**Task to complete**
Retype the data that follows exactly. No pictures belong in the copy.

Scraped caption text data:
Content starts
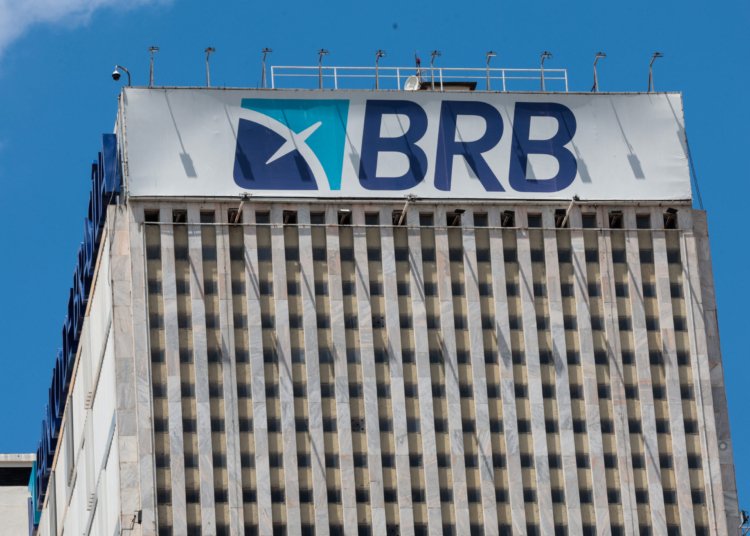 STF interrompe julgamento sobre garantia de imóveis para salvação do BRB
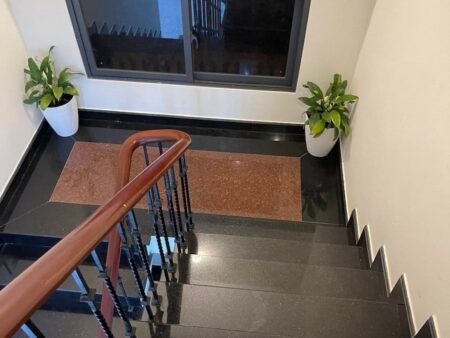 Villa 4 Tầng Hẻm Ô Tô Lớn Trịnh Hoài Đức, Phường 11, Đà Lạt 8 Phòng KD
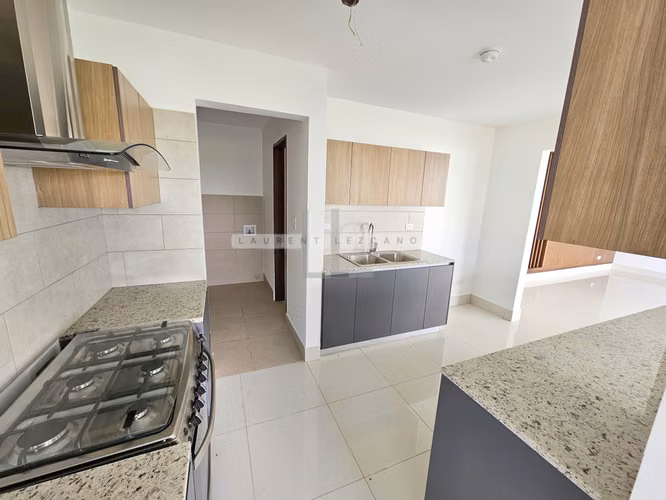 Venta de Casa Unifamiliar en Esquina PH Arcadia Costa Verde. Haga una oferta - Imagen 7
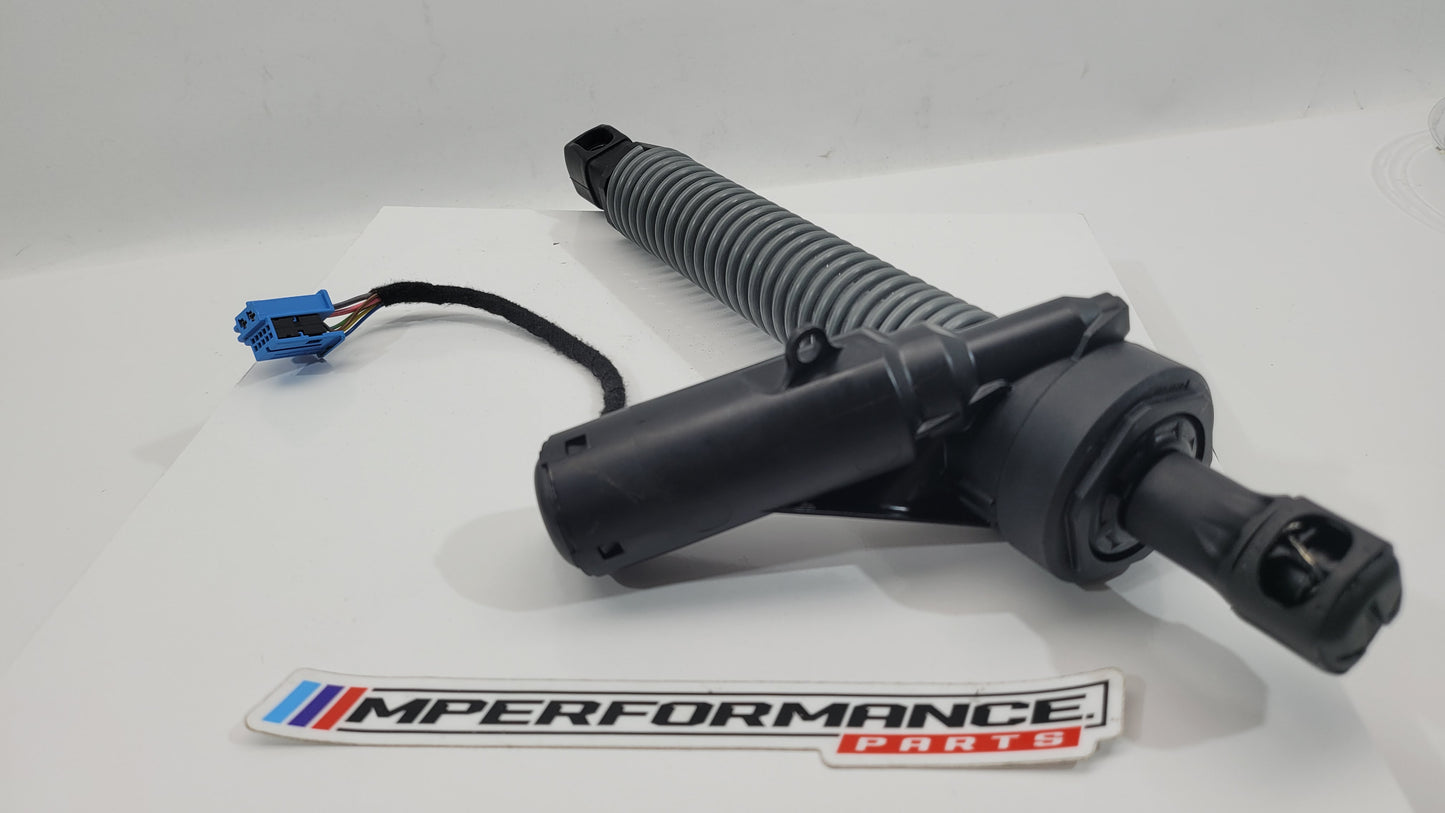 07028 - 7487636-08 - v0554905 - MPerformance.parts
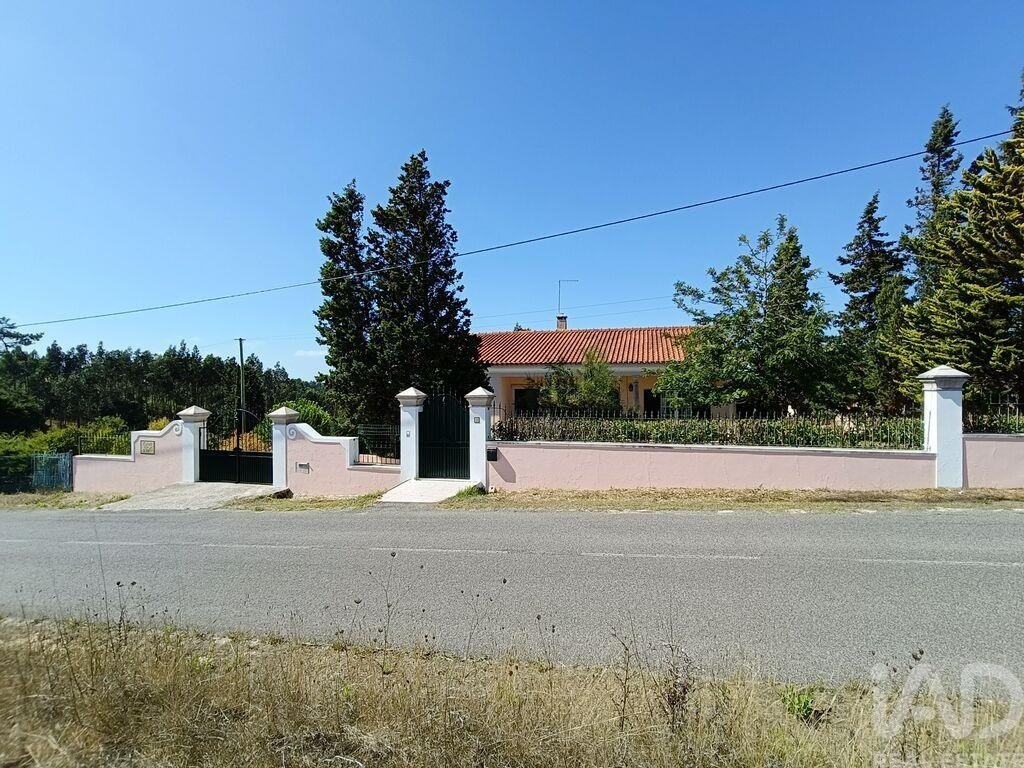 Townhouse in Alvorninha, Leiria District, Portugal 2 - 18790164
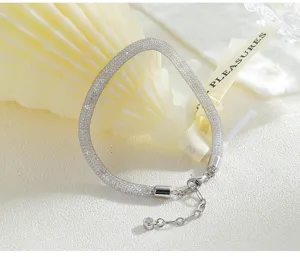 Detalle de pulsera de tubo plateado brillante, elegante pulsera de circón con cadena ajustable.
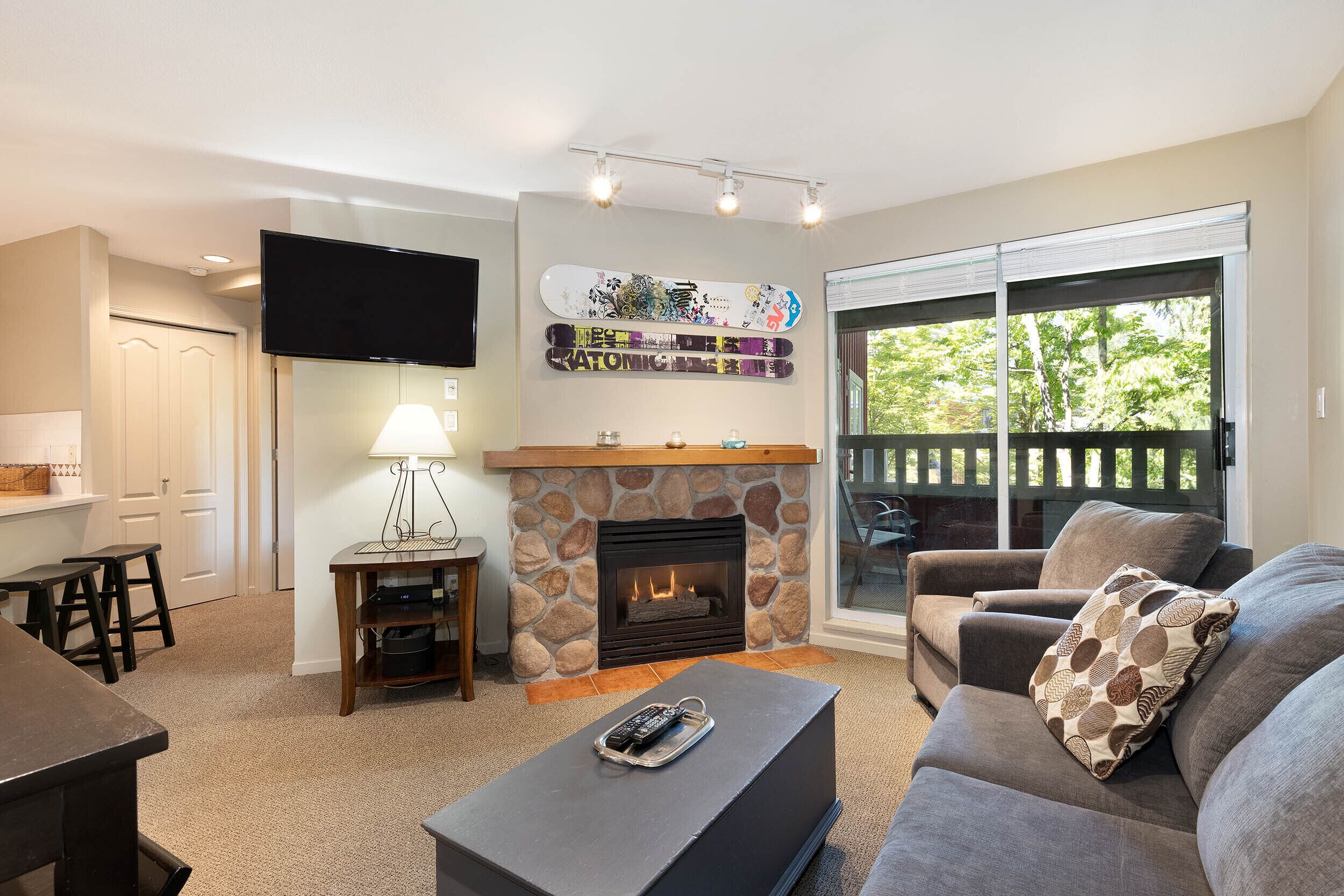 Peaceful & Quiet Central Village Suite Walk to Lifts Free Wifi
Content ends
**Solution for this task**
 STF interrompe julgamento sobre garantia de imóveis para salvação do BRB
 Villa 4 Tầng Hẻm Ô Tô Lớn Trịnh Hoài Đức, Phường 11, Đà Lạt 8 Phòng KD
 Venta de Casa Unifamiliar en Esquina PH Arcadia Costa Verde. Haga una oferta - Imagen 7
 07028 - 7487636-08 - v0554905 - MPerformance.parts
 Townhouse in Alvorninha, Leiria District, Portugal 2 - 18790164
 Detalle de pulsera de tubo plateado brillante, elegante pulsera de circón con cadena ajustable.
 Peaceful & Quiet Central Village Suite Walk to Lifts Free Wifi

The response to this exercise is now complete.